Return the data exactly, with all pictures removed.

** Given information follows **

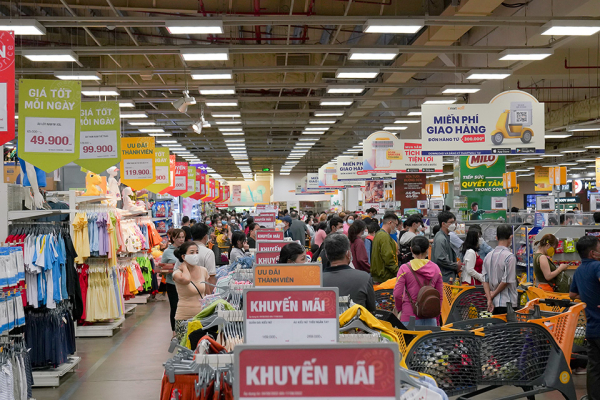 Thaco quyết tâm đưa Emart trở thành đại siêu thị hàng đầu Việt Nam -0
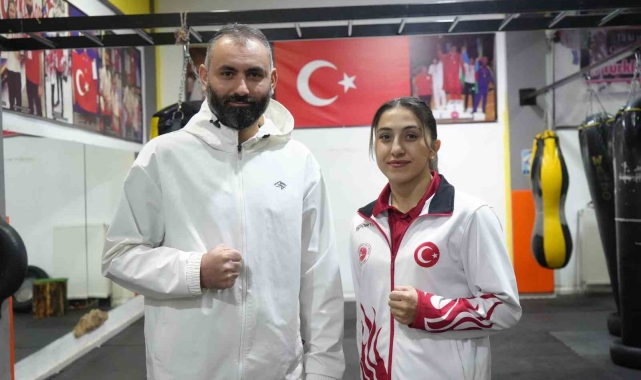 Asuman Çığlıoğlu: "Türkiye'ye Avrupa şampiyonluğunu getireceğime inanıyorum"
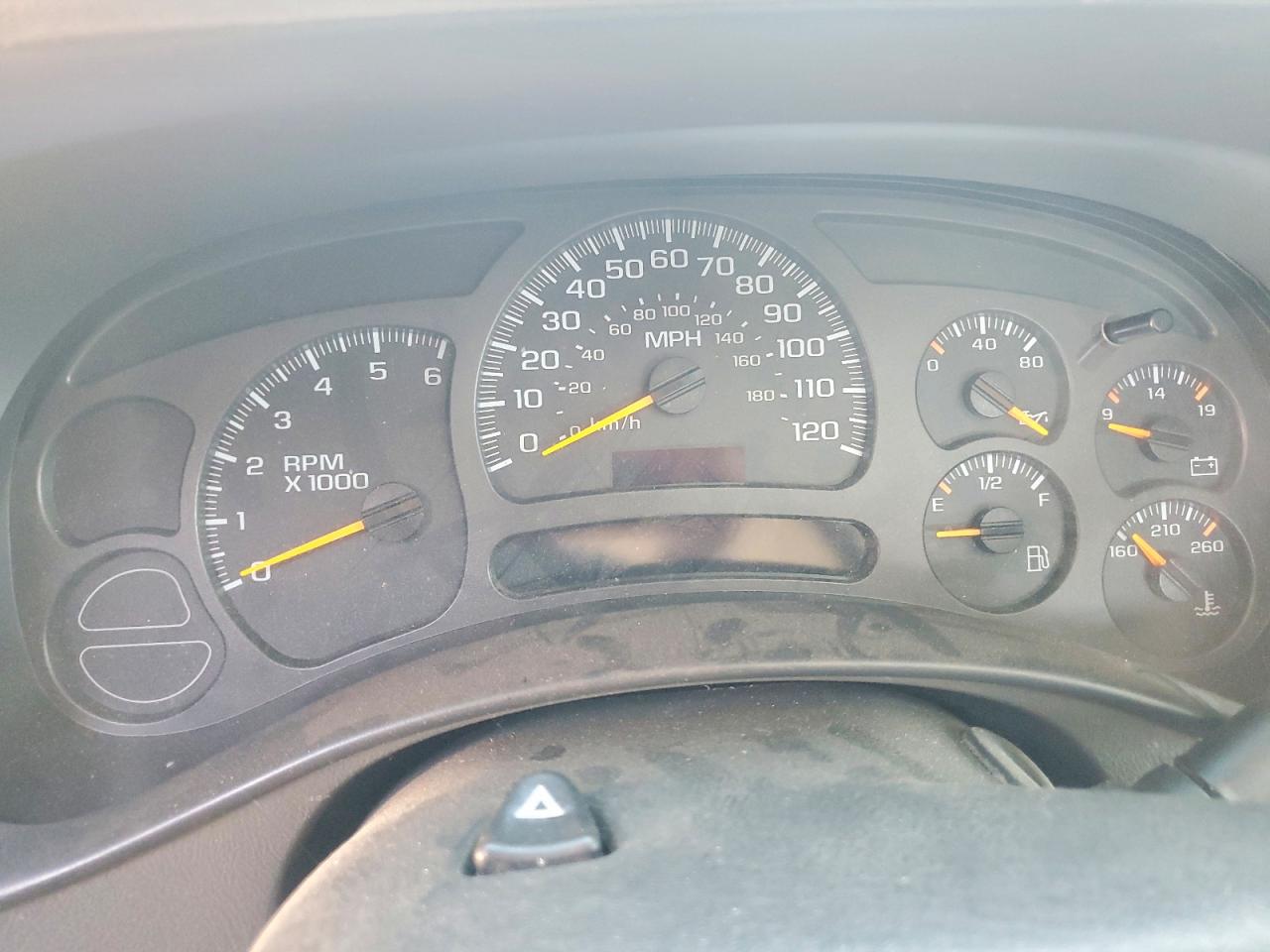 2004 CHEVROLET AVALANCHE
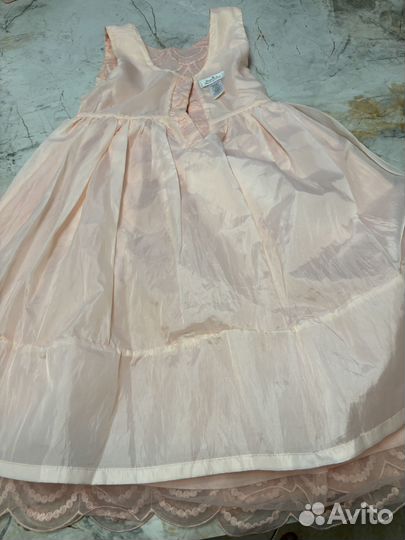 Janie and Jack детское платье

** End of Given information **

(Answer box):
 Thaco quyết tâm đưa Emart trở thành đại siêu thị hàng đầu Việt Nam -0
 Asuman Çığlıoğlu: "Türkiye'ye Avrupa şampiyonluğunu getireceğime inanıyorum"
 2004 CHEVROLET AVALANCHE
 Janie and Jack детское платье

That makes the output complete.